(Beginning of Material shown)

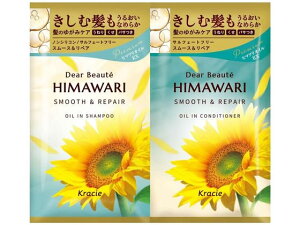 yr[e100~OFFN[|zNVG fBA{[e gCAZbg X[X&yA 10mL+10g NVG i Vv[ X wAPA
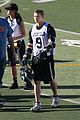kellan-warrior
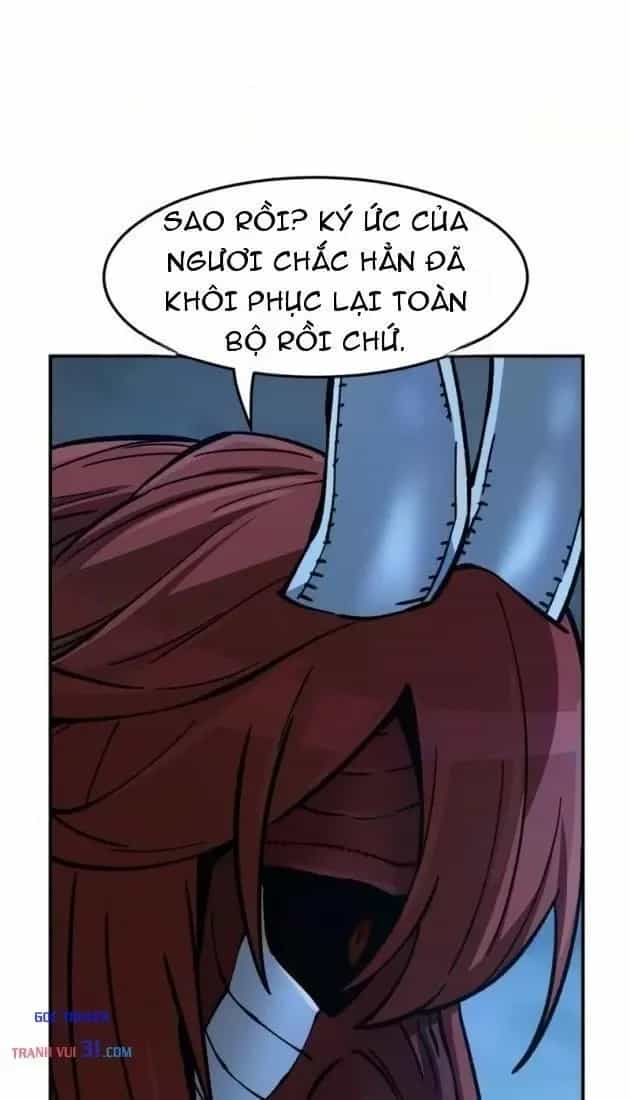 Cảm Kiếm Tuyệt Đối - Chương 202 - ảnh 78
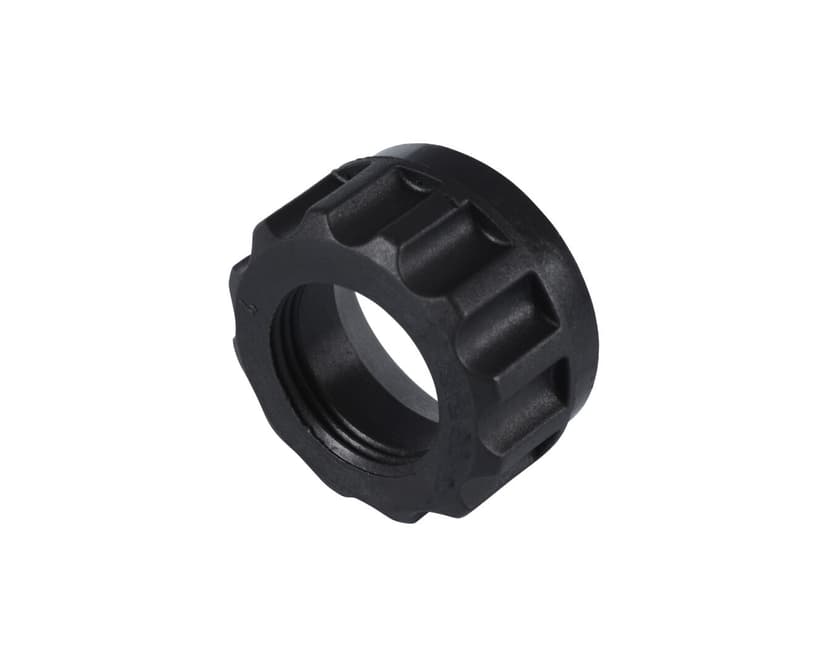 NUT GZ45
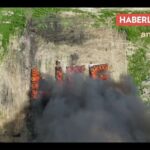 レス1番のリンク先のサムネイル画像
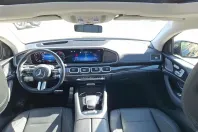 Mercedes-Benz GLE Coupe din 2024 cu 21.097 km - oferta MER129924 - foto 18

(End of Material shown)

Problem statement →
If an entry above holds a picture, leave that picture out and print the rest exactly.

Worked solution →
 yr[e100~OFFN[|zNVG fBA{[e gCAZbg X[X&yA 10mL+10g NVG i Vv[ X wAPA
kellan-warrior
 Cảm Kiếm Tuyệt Đối - Chương 202 - ảnh 78
 NUT GZ45
 レス1番のリンク先のサムネイル画像
 Mercedes-Benz GLE Coupe din 2024 cu 21.097 km - oferta MER129924 - foto 18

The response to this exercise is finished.